En este libro maduro y delicado, Natalia Ginzburg nos habla de los seres, los paisajes y las cosas que configuran la intimidad de su vida.
En el centro de nuestra vida está el problema de nuestras relaciones humanas. Aunque sepamos demasiado bien cómo se desarrolla la larga cadena de las relaciones humanas, debemos tener la experiencia real de su larga parábola necesaria, y debemos recorrer paso a paso el largo camino necesario hasta llegar a tener un poco de misericordia. Por lo que respecta a la educación de los hijos, Natalia Ginzburg considera que no hay que enseñarle las pequeñas virtudes, sino las grandes. No el ahorro, sino la generosidad y la indiferencia hacia el dinero; no la prudencia, sino el coraje y el desprecio por el peligro; no la astucia, sino la franqueza y el amor por la verdad; no la diplomacia, sino el amor al prójimo y la abnegación; no el deseo del éxito, sino el deseo de ser y de saber. Hoy que el diálogo entre padres e hijos se ha hecho posible, aunque difícil, es preciso que nos revelemos en este diálogo tal cual somos: imperfectos, confiados en que ellos, nuestros hijos, no se nos parezcan, que sean más fuertes y mejores que nosotros. Por ese motivo, lo que debemos realmente apreciar en la educación es que a nuestros hijos no le falte nunca el amor a la vida. Puede adoptar diversas formas, y a veces, al niño desganado, solitario y huraño no le falta el amor a la vida, ni está oprimido por el miedo a vivir, sino que se encuentra, simplemente, en situación de espera, entregado a prepararse a sí mismo para la propia vocación. ¿Y qué es la vocación de un ser humano, sino la más alta expresión de su amor a la vida? Nosotros debemos esperar, a su lado, a que su vocación despierte y tome cuerpo. A su lado, pero en silencio y un poco apartados, debemos esperar el despertar de su espíritu. Porque la única verdadera salud y riqueza del hombre es una vocación.

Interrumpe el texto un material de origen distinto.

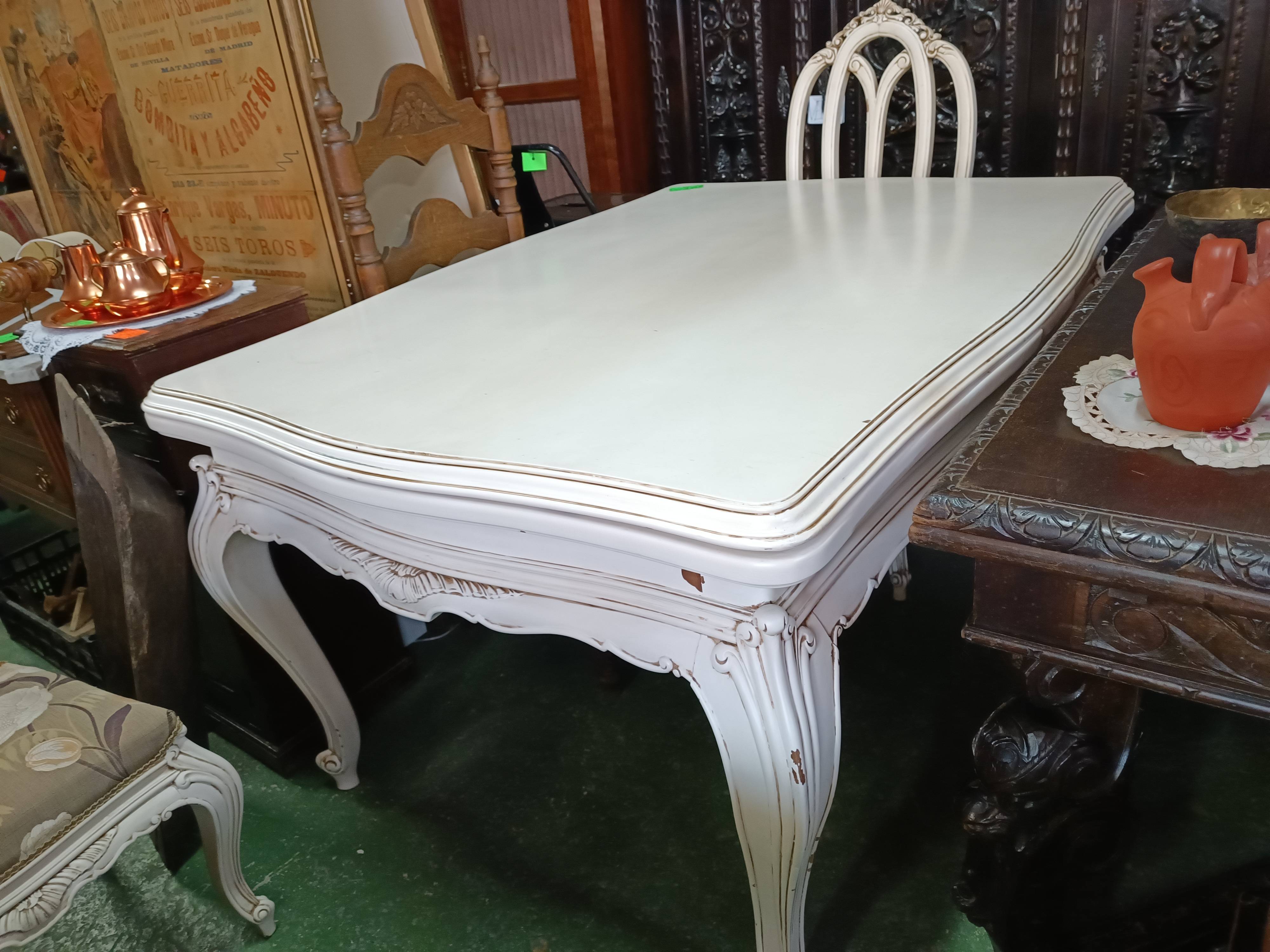 Mesa de madera blanca lacada y sombreada 1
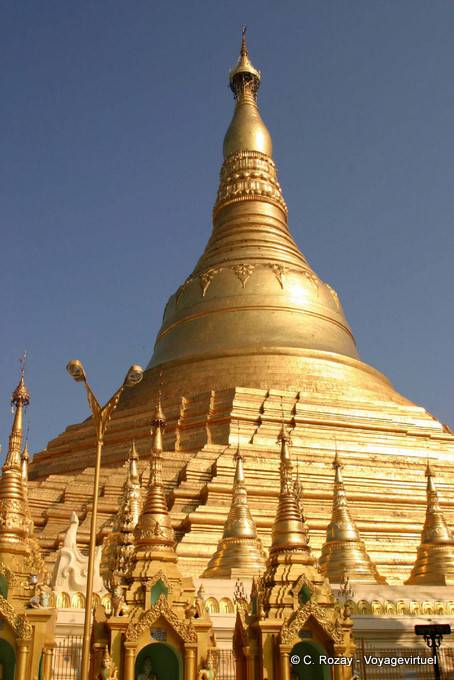 Octagonal cúpula dorada de la pagoda de Shwedagon, Yangon - Myanmar (Birmania)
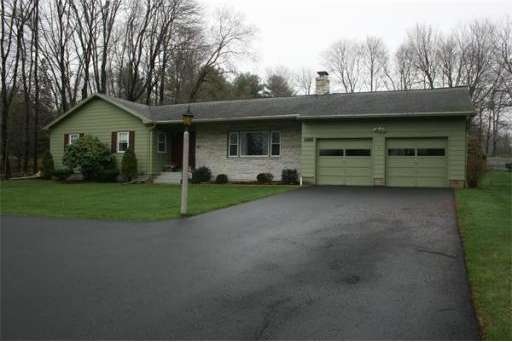 1380 Center St, Ludlow, MA 01056 - photo 1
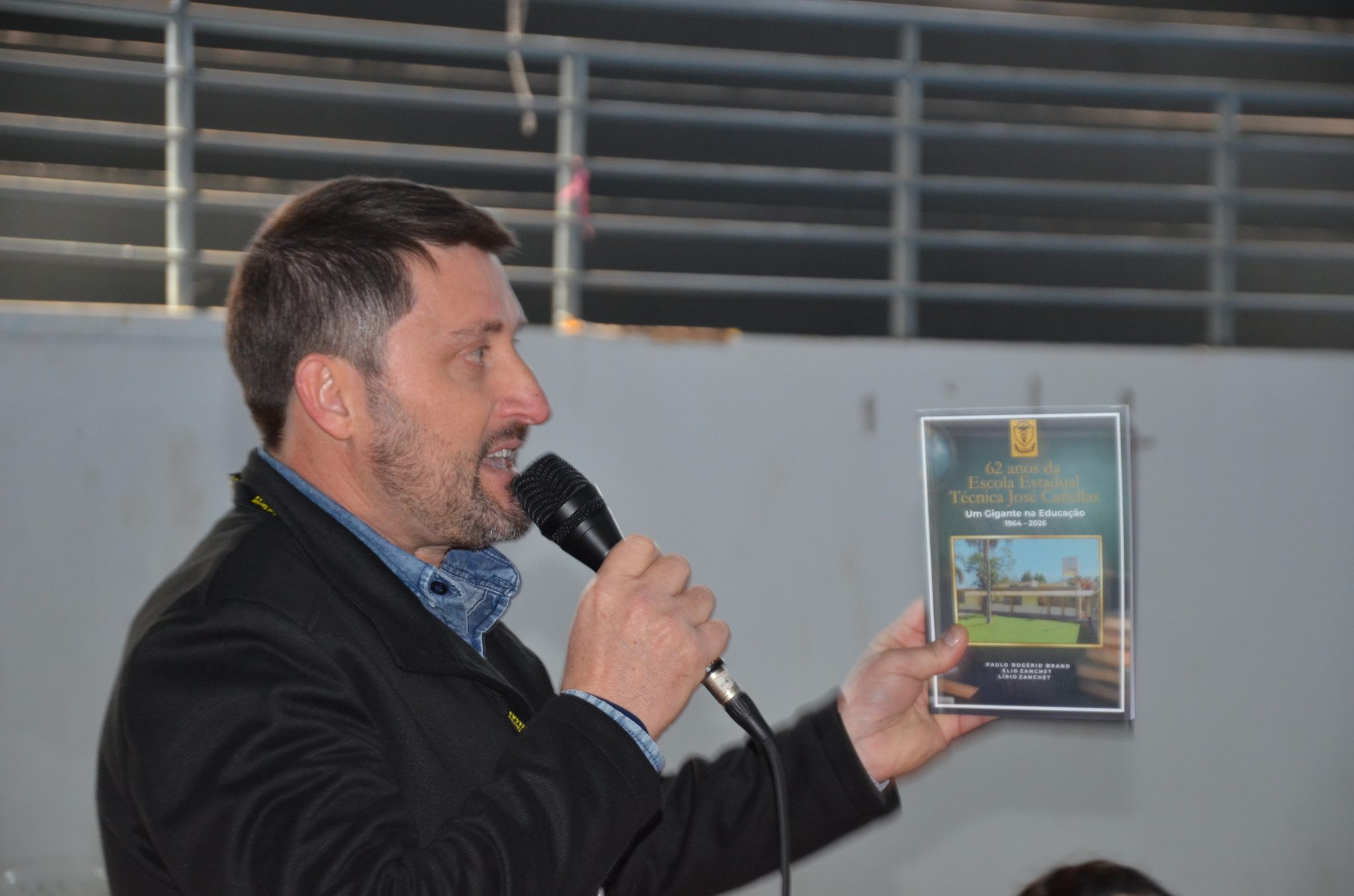 FW- Lançamento do livro “62 Anos da Escola Estadual Técnica José Cañellas – Um Gigante na Educação”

Si nosotros mismos tenemos una vocación, si no la hemos traicionado, si a través de los años hemos seguido amándola, sirviéndola con pasión, entonces podemos dejar germinar a nuestros hijos tranquilamente fuera de nosotros, rodeados de la sombra y el espacio que requiere el brote de una vocación, el brote de un ser. Esta es, quizá, la única posibilidad que tenemos de resultarles de alguna ayuda en la búsqueda de una vocación, tener nosotros mismos una vocación, conocerla, amarla y servirla con pasión, porque el amor a la vida genera amor a la vida.